NICOLAJ, Aldo

DIE GENERALPROBE

Alfonso ist einer vom alten Schlag: verlässlich, solide, strebsam und fleißig. Er hat sein Handwerk von der Pike auf gelernt und blickt stolz auf eine erfolgreiche berufliche Laufbahn zurück. Nur ein einziges Mal musste er wegen eines lächerlichen Betriebsunfalls seine brillante Karriere unterbrechen. Die elf Jahre im Knast nach dem letzten großen Raubüberfall waren eine harte Zeit für die alleinerziehende Mutter Margherita. Die lange Abwesenheit des Vaters hat der Entwicklung des kleinen Giorgio nicht gutgetan. Dabei hat er schon als Zwölfjähriger seine erste Handtasche nach Hause gebracht. Dass er dabei die alte Frau, der sie gehörte, unter die Straßenbahn geschubst hat, fällt unter Anfängerpech. Leider sind ihm diese kleinen Pannen in Folge seines cholerischen Gemüts geblieben. Aber schließlich ist dem Papá auch schon der eine oder andere Ausrutscher passiert: Die Amme etwa, die sich gar nicht gewehrt hat und lieber unter'm Kissen auf ihrem Gesicht erstickt ist.

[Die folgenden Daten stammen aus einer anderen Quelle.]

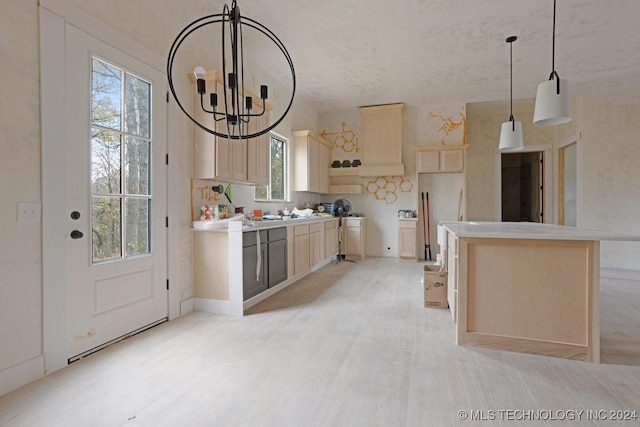 kitchen featuring a chandelier, pendant lighting, light hardwood / wood-style flooring, and a kitchen island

Nach Alfonsos Rückkehr aus dem „Krankenstand im Gitterbett“ war ja nichts mehr wie früher. In Folge der Beinverletzung bei besagtem missglückten Coup muss er mit seiner Prothese kürzertreten. Kleine Taschendiebstähle, mehr ist nicht drin. Giorgio ist zwar inzwischen ganz in die Fußstapfen des Vaters getreten, aber der Junior muss noch viel lernen.Viel zu unkontrolliert, befindet der Senior. Fehlender Idealismus für den Beruf, beklagt die Mutter. Dementsprechend mager sind die Ergebnisse. Und das Leben ist hart: Der Hauptverdiener ist ausgefallen. Keine Invalidenrente, keine Pension - von einer Krankenversicherung ganz zu schweigen - und das, was Margherita von ihren kleinen Einkaufsbummeln heimbringt, bessert den Lebensunterhalt der Familie nur bescheiden auf.

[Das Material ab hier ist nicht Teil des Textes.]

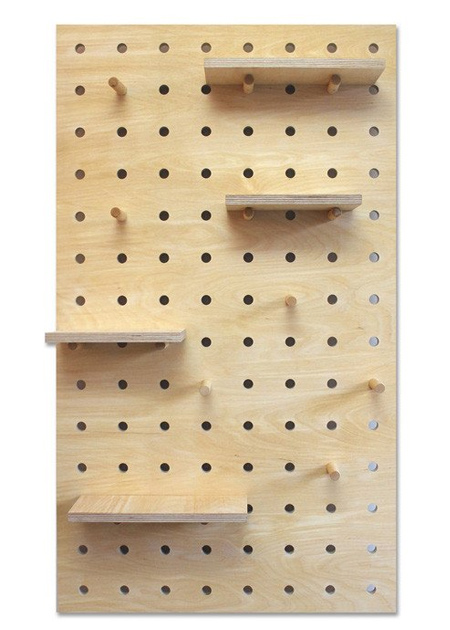 To mount the knobs onto the ends of the dowels, hold these firmly with a vice and use a spade bit to drill a hole so that you can glue these onto the end of the dowels.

Da muss ein ganz großes Ding gedreht werden. Und es ist bereits im Gange. Giorgio ist zu seiner ersten Entführung aufgebrochen. Die millionenschwere Tochter des Konservenfabrikanten Poderito soll das Opfer sein. Die besorgten Eltern zittern. Wird der Junge alles richtigmachen? Alfonso ist skeptisch, Margherita schwört auf das positive Horoskop und Luisa hat ihrem Verlobten den Hl. Antonius als Talisman mitgegeben. Da kann ja nichts schiefgehen. Oder doch?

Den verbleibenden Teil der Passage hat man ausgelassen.